Asrın Hukuk Bürosu avukatlarından Özgür Erol, 27 Temmuz 2011’den 2019’a kadar hiçbir avukat görüşmesinin gerçekleştirilmediğini hatırlatarak, şunları ifade etti: “Yaklaşık 8 yıl Avrupa Konseyi üyesi bir ülkede bir cezaevine avukat girişi engellendi. Sonrasında bunu 2016’dan sonra resmileştirdiler. Geçen gün Ahmet Davutoğlu’nun açıklamasını okudum, kayyım ve KHK’lerin Erdoğan’ın çok fazla değişmesine yol açtı dedi. Kayyım ve KHK meselesi kolay yönetme, hukukun arkasını dolarak, yönetme hakkını verdiği için ellerini kolaylaştırdı. Onun evvelinde sokağa çıkma yasakları bir basit il idaresi kanunu kullanarak, bütün kentte sokağa çıkma yasakları ilan edilme becerisini elde etmeleri ellerini kolaylaştırdı. Bunların öncesi yaklaşık 10 yıl boyunca bir cezaevine avukatların girişini engelleyerek, ailelerin görüşlerini engelleyerek, mevcut tüm kanun rejimini askıya alarak, kolay yönetme tekniğini geliştirdiler. Burası İmralı’ydı. İmralı’da bir laboratuvar gibi kolay hukuku pas geçen ve buna karşı geliştirilen bütün argümanları görmezden gelen bir tekniği yavaş yavaş 2005’ten itibaren geliştirdiler. Bunu bütün alanlara yaydılar.”

Artık itiraz da yazmıyor

Öcalan’a verilen disiplin ve görüş yasaklarına dikkat çeken Erol, şöyle devam etti: ”Sayın Öcalan’ın bir tarzı vardır. Bir şeyi bir kere söyler, ikinci kez asla talep etmez. Yaklaşık kendisine 12 yıl televizyon verilmedi. Biz bunu AİHM’e dillendirdiğimizde hükümet ‘talep etmiyor’ dedi. Biz de kendisine talep etmesini söyledik. Sayın Öcalan, ‘Sunmam, asla sunmam’ dedi. Sayın Öcalan, ‘Beni bir televizyon için onlara falan dilekçe yazdırtamazlar, ben onlardan bir çay dahi talep etmem’ dedi. Şimdi disiplin cezaları verilmiş. Bir tanesine cevap vermiş, ‘Bu yaptığınız hukuksuzluktur’ demiş, hatta ayıptır demeye getirmiş. İkincisine de itiraz yazmış. Üçüncüsünden itibaren itiraz etmeyi kesti, hiçbir disiplin cezalarına itiraz etmiyor. Sayın Öcalan itiraz etmeyi kestikten sonra, diğer tutuklular da disiplin cezalarına itiraz etmeyi kestiler. 
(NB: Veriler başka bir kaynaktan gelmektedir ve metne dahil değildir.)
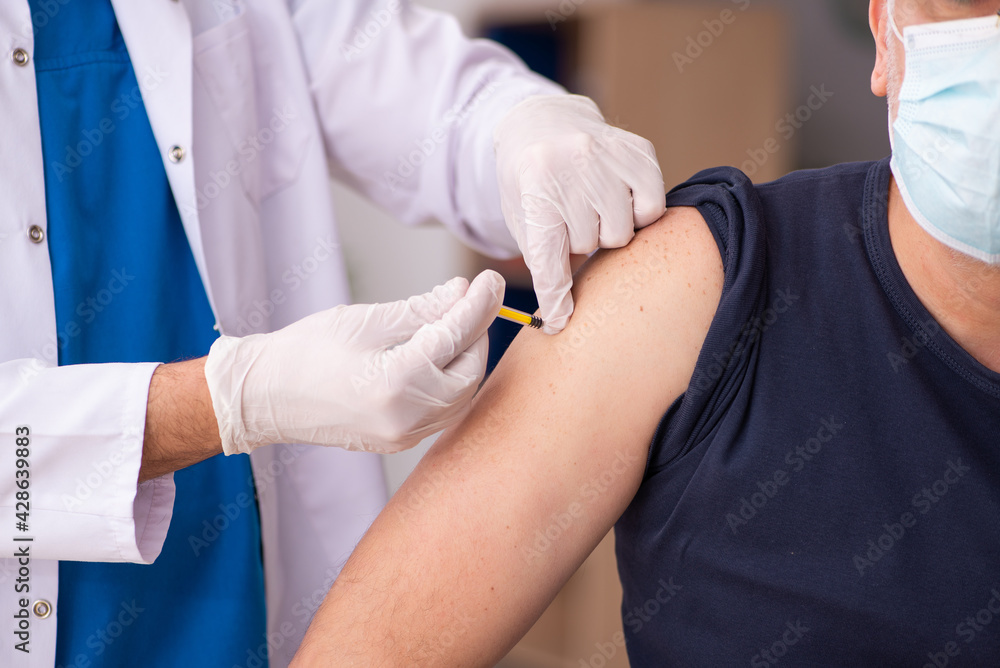 Old man visiting young doctor in covid-19 vaccination concept Old man visiting young doctor in covid-19 vaccination concept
Dosyaları itirazsız kapatıyorlar

 Disiplin cezaları bize tebliğ edilmiyor. Biz disiplin cezasının verileceği tarihi kestiriyoruz. Hakimliğe gidiyoruz, ‘Disiplin cezası vermişsiniz, bize bir örneğini verin. İtiraz edeceğiz, Anayasa Mahkemesi’ne götüreceğiz’ diyoruz. Dosyaların avukatlara verilmemesine ilişkin kararlar alıyorlar. Bir hukuk dosyasının avukata verilmemesine dair karar alınabilir mi? İtirazını yapamıyoruz. Kendileri de itiraz etmiyor ve bu dosyalar orada kesinleştirilip, kapatılıyor. Daha önce hukuken görüntü de bazı şeyler idare edilirdi artık onu idare etmeden de vazgeçtiler. Bu anlamda tam anlamıyla bir kapanma ve kapatma hali tek bir sesin oradan çıkmaması söz konusu. Bu bizim açımızdan son derece krizli ve kaotik haldir. Sayın Öcalan son telefon görüşmesinde ısrarla avukatların gelmesini vurguluyor. Dolayısıyla bir şeyi nerde kaybettikse orada aramak durumundayız.” 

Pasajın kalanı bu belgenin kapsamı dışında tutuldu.